Tablette, smartphone, DVD, télé… occupent les jeunes enfants, parfois des heures, sans jamais les lasser. Pour les professionnels de la petite enfance interrogés par le magazine Pomme d’Api, cette surexposition aux écrans nuit au développement des plus jeunes ! Explications, témoignages et conseils pour un bon usage en famille…
Ces écrans trop attirants
Il est 19 heures, on rentre tout juste de la garderie, de chez la nounou, du travail, et c’est le rush : un repas à préparer, des enfants épuisés à laver, à mettre en pyjama… La tablette, le smartphone, le DVD, la télé ont ce pouvoir magique de les occuper en nous laissant les coudées franches. Comme il est tentant d’y recourir ! D’autant que ces écrans ne semblent jamais les lasser. Si on leur donne le choix entre un puzzle en carton et un puzzle tactile, entre des Playmobil et un dessin animé, entre la pâte à sel et un petit jeu vidéo, il y a fort à parier que l’écran l’emportera. Normal, décryptent les neuroscientifiques, notre cerveau adore ce qui est facile et ne demande pas ou peu d’efforts.
Pour autant, la plupart d’entre nous ont l’intuition qu’il ne faut pas abuser de ces écrans si attractifs. D’ailleurs, il ne nous viendrait pas à l’esprit de dire : “Les Lego, c’est vingt minutes, puis on arrête.” Que risquent donc de jeunes enfants à passer trop de temps devant les écrans ?
Les signaux d’alerte
Le tableau dépeint par les professionnels est sombre. Florence Lerouge est orthophoniste depuis 1993. Ces dernières années, un phénomène l’inquiète : “Plus le temps passe, plus je reçois des enfants qui ne seraient pas arrivés chez moi s’ils avaient vécu ce qu’ils ont à vivre : jouer, patouiller, crapahuter… La vie d’un jeune enfant, quoi !”
À 3 ou 4 ans, quand des enfants passent plusieurs heures quotidiennes cumulées en compagnie d’un écran, ils ne parlent pas ou très peu (quelques mots, parfois en anglais, sans construction de phrases), ne regardent pas quand on leur parle, sont physiquement passifs.

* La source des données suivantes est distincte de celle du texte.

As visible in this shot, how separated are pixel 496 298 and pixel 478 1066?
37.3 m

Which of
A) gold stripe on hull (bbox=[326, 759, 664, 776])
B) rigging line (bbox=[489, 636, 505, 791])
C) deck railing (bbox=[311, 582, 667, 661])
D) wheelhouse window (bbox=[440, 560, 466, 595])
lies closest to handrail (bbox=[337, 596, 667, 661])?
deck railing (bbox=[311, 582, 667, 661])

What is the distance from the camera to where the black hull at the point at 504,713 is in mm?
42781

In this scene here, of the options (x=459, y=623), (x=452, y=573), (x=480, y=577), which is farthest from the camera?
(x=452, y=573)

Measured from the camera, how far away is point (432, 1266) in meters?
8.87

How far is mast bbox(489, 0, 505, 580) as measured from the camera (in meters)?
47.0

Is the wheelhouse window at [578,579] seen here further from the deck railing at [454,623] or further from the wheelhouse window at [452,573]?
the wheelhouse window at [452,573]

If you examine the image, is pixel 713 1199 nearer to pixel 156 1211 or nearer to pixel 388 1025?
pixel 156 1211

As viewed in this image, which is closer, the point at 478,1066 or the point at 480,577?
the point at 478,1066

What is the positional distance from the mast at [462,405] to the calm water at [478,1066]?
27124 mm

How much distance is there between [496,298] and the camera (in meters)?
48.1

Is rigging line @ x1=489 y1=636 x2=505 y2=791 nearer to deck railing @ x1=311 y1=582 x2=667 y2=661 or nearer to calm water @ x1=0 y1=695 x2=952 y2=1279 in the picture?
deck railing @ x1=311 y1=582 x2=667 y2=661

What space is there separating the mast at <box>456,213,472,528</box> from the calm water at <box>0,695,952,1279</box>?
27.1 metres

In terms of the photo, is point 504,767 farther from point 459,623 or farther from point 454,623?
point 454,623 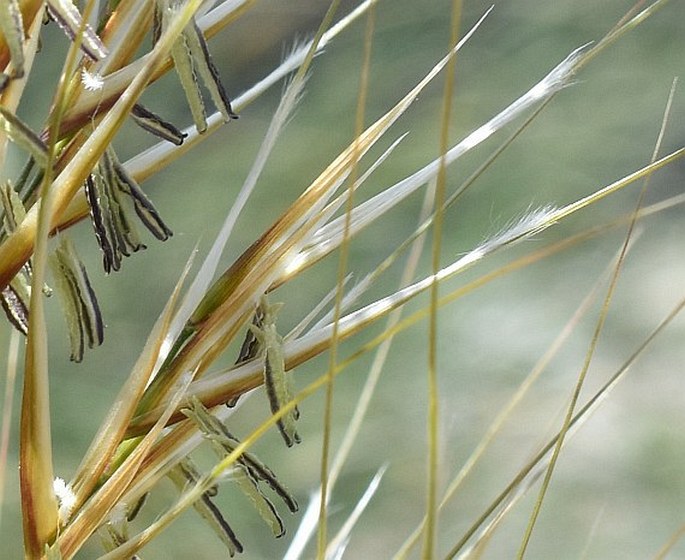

Pour résumer son impression, elle utilise une expression glaçante : “ Ils sont en panne”.
Certes, les enfants qu’elle reçoit dans son cabinet représentent des cas extrêmes, mais ils l’ont amenée à fonder, avec deux collègues, l’association “Joue, pense, parle” (lire ci-dessous) pour prévenir les troubles du langage et du raisonnement, par le jeu. Elle a également cosigné, avec d’autres professionnels de la santé et de la petite enfance, une tribune parue dans Le Monde en mai 2017, sous le titre : “La surexposition des jeunes enfants aux écrans est un enjeu majeur de santé publique”. Ces signataires entendent faire pression sur les autorités publiques pour que les effets nocifs des écrans soient mentionnés dans le carnet de santé.
Rappelons-le : pour que son cerveau se développe, pour se préparer aux apprentissages scolaires, un jeune enfant doit explorer le monde avec tout son corps : bouger, goûter, tripoter, sentir le froid, le chaud, l’air, mesurer sa force physique, tester son équilibre… Une palette extraordinaire que ne remplace pas la plus “éducative” des applis, sur la plus high-tech des tablettes. Le temps que les jeunes enfants passent devant ces appareils leur prend celui qui devrait être consacré aux activités indispensables à leur développement cérébral et physique. Pour en convaincre les parents dubitatifs, Florence Lerouge les invite à observer leur enfant jouer sur un écran. Qu’est-ce qui bouge ? Les yeux, ainsi qu’un ou deux doigts, sur un seul plan et quelques centimètres. À mettre dans la balance face aux potentialités infinies de mouvements du corps humain !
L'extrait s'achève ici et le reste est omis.